(Short web captions)
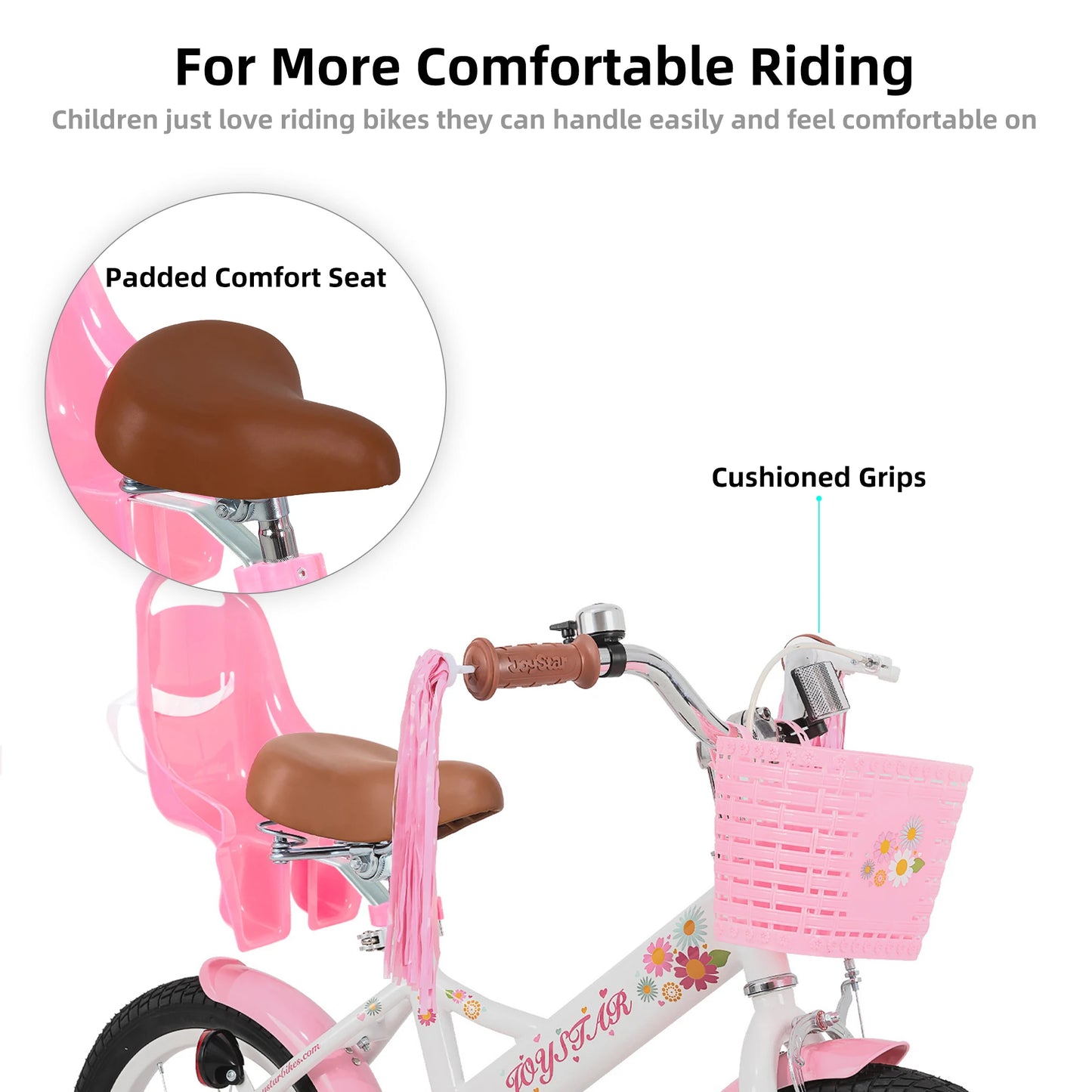 JOYSTAR Kids Bike for Ages 2-7 with Doll Seat & Streamers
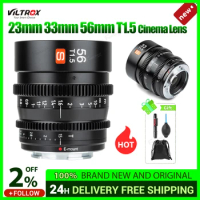 Viltrox 23mm 33mm 56mm T1.5 Cinema Lens Manual Focus Prime Filmmaking Vlogger for Sony E M43 Mount Lumix Olympus BMPCC Camera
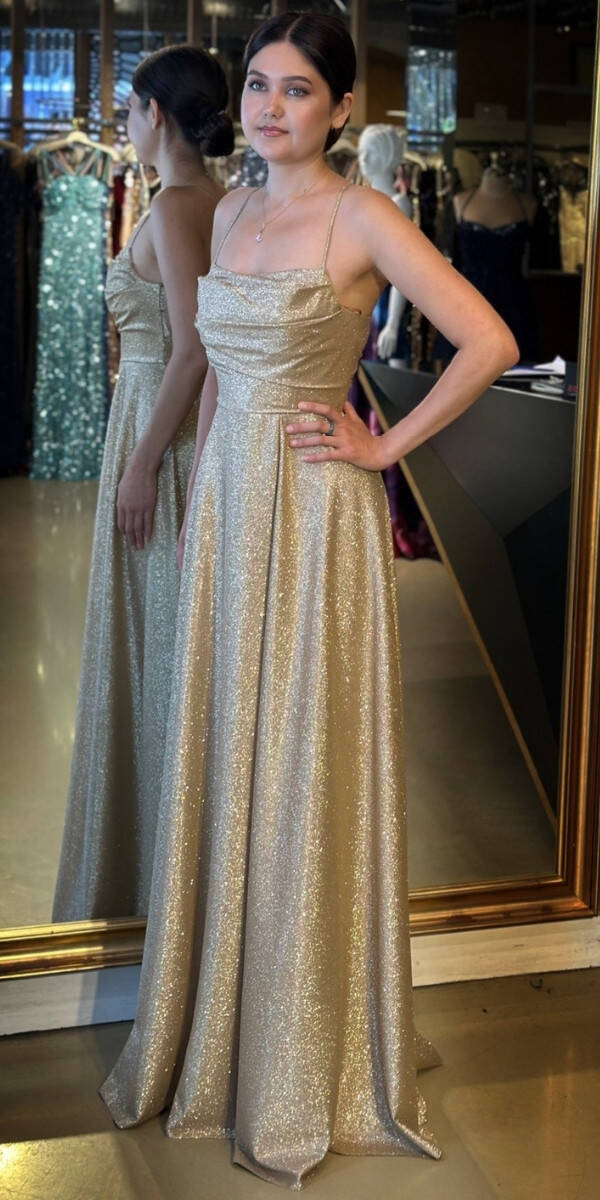 Gold İp Askılı Kare Yaka Sırt Dekolteli Kloş Etekli Simli Uzun Abiye Elbise 7780 - 2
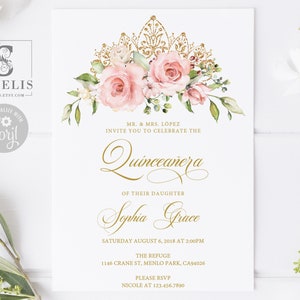 EDITABLE Quinceanera Invitation & Back Template, Blush Pink Flowers, Mis Quince, Sweet Sixteen, Sweet 16, Printable Instant Download, QU021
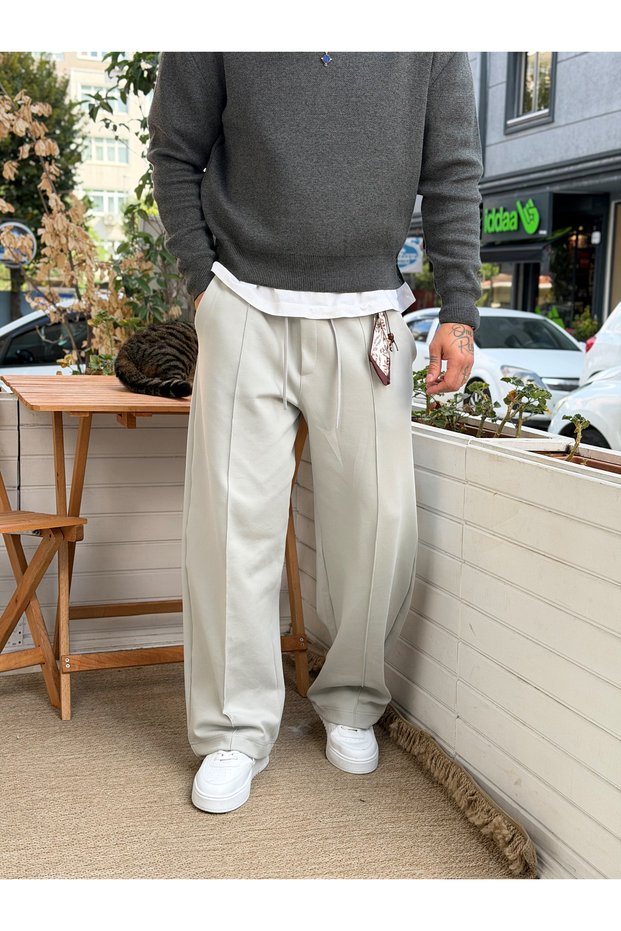 Modal Accessory Detailed Green Baggy Tracksuit Gray 5137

Task instructions:
Excluding the pictures, output every entry above without alteration.

Problem solution:
 JOYSTAR Kids Bike for Ages 2-7 with Doll Seat & Streamers
 Viltrox 23mm 33mm 56mm T1.5 Cinema Lens Manual Focus Prime Filmmaking Vlogger for Sony E M43 Mount Lumix Olympus BMPCC Camera
 Gold İp Askılı Kare Yaka Sırt Dekolteli Kloş Etekli Simli Uzun Abiye Elbise 7780 - 2
 EDITABLE Quinceanera Invitation & Back Template, Blush Pink Flowers, Mis Quince, Sweet Sixteen, Sweet 16, Printable Instant Download, QU021
 Modal Accessory Detailed Green Baggy Tracksuit Gray 5137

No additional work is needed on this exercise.